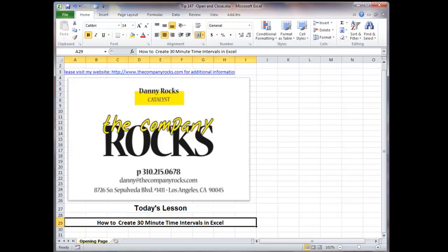Hello and welcome back to Tips and Time Savers. I'm Danny Rocks. In today's lesson, I'm going to respond to a viewer who needs my help to create a series of 30-minute time intervals.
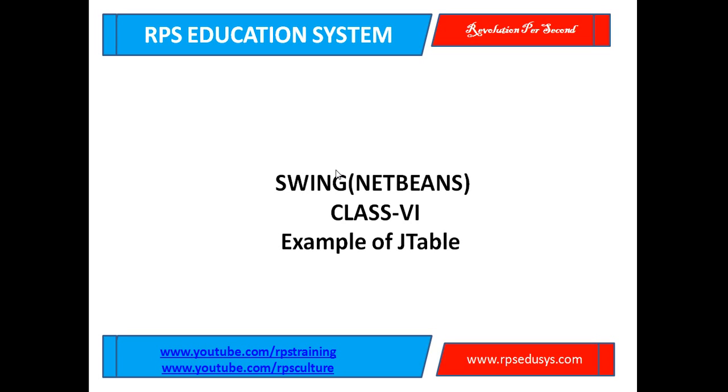Welcome to my video tutorial channel. Today I am going to discuss a very important component of Swing: JTable.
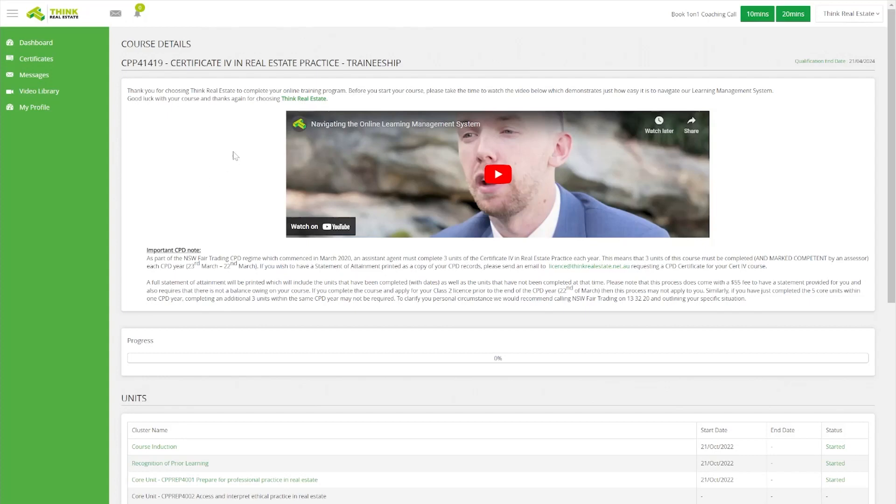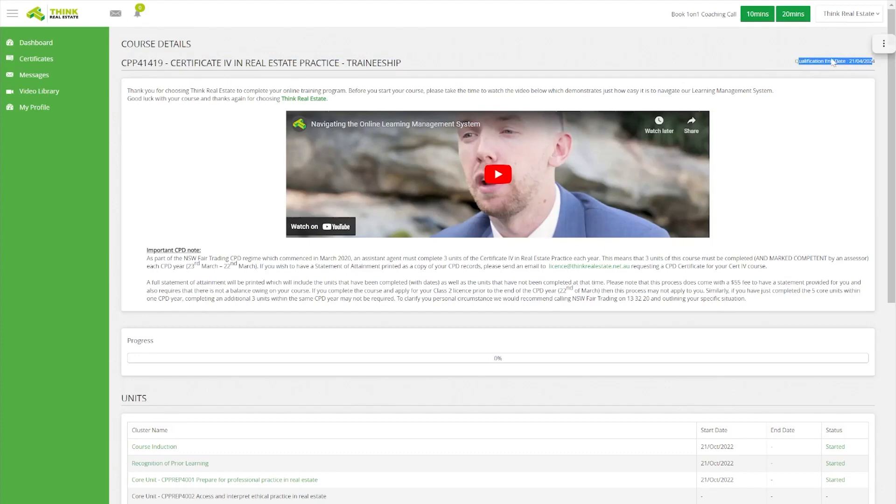You will find the course end date when you go into your course, up in the top right-hand side, so you'll know exactly when your course is coming to an end. Hopefully we can be finished well before that time. Thank you so much for joining in and good luck with your course.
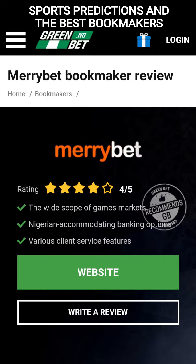You'll get the Meribet mobile app in both newer and older versions, but the newer version is recommended. For the new app, you'll get better optimization, a more user-friendly interface, and so much more.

(WORK INSTRUCTION): Copy out every line of the material above exactly, skipping the pictures.

(RESPONSE BELOW):
Hello and welcome back to Tips and Time Savers. I'm Danny Rocks. In today's lesson, I'm going to respond to a viewer who needs my help to create a series of 30-minute time intervals.
Welcome to my video tutorial channel. Today I am going to discuss a very important component of Swing: JTable.
You will find the course end date when you go into your course, up in the top right-hand side, so you'll know exactly when your course is coming to an end. Hopefully we can be finished well before that time. Thank you so much for joining in and good luck with your course.
You'll get the Meribet mobile app in both newer and older versions, but the newer version is recommended. For the new app, you'll get better optimization, a more user-friendly interface, and so much more.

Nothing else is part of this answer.